# CS4104 Homework Assignment 1

## Due at 11:00pm on Wednesday, September 1

30 Points

See the General Guidelines for homework assignments.

**1.**
A knight fights a dragon with 100 heads. The knight can cut off 15,
17, 20, or 5 heads with one blow of his sword; however, in each of
these cases a number of new heads will immediately grow back: 24, 2,
14, or 17 heads, respectively. (In other words, if the knight cuts off
15 heads, then 24 new heads will grow back; if the knight cuts off 17
heads, then only 2 new heads will grow back, and so on). The dragon
dies only if all of his heads are cut off (and the last blow of the
sword must cut off exactly 15, 17, 20, or 5 heads). Is it possible to
kill the dragon? Either show a series of cuts that kills the dragon,
or explain why it is not possible.

**2.**
Suppose you wish to know which floors in a 36-story building are safe
to drop eggs from (in a special egg-dropping container) and which will
cause the eggs to break on landing. We assume the following:

- An egg that survives a drop can be used again (no harm is done, and the egg is not weaker).
- A broken egg cannot be used again.
- If an egg breaks when dropped from some floor, it would also break if dropped from any higher floor.
- If an egg survives a fall when dropped from some floor, it would also survive if dropped from a lower floor.

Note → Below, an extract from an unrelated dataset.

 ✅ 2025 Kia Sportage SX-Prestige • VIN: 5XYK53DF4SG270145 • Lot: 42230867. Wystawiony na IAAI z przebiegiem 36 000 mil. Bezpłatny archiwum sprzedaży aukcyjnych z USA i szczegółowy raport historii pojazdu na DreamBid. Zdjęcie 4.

We know nothing in advance about which floor will cause eggs to break:
Possibly the eggs break on floor 1, or don't even break on floor 36.
If you had only one egg, the only thing you could do is start at floor
1 and go up until the egg breaks. If it breaks on floor *n*, that
would need *n* tries (up to 36).

Now, assume that you have two eggs. You are to devise a process that allows you to determine the egg-breaking floor, using the least possible number of egg drops in the worst case, no matter which floor it is.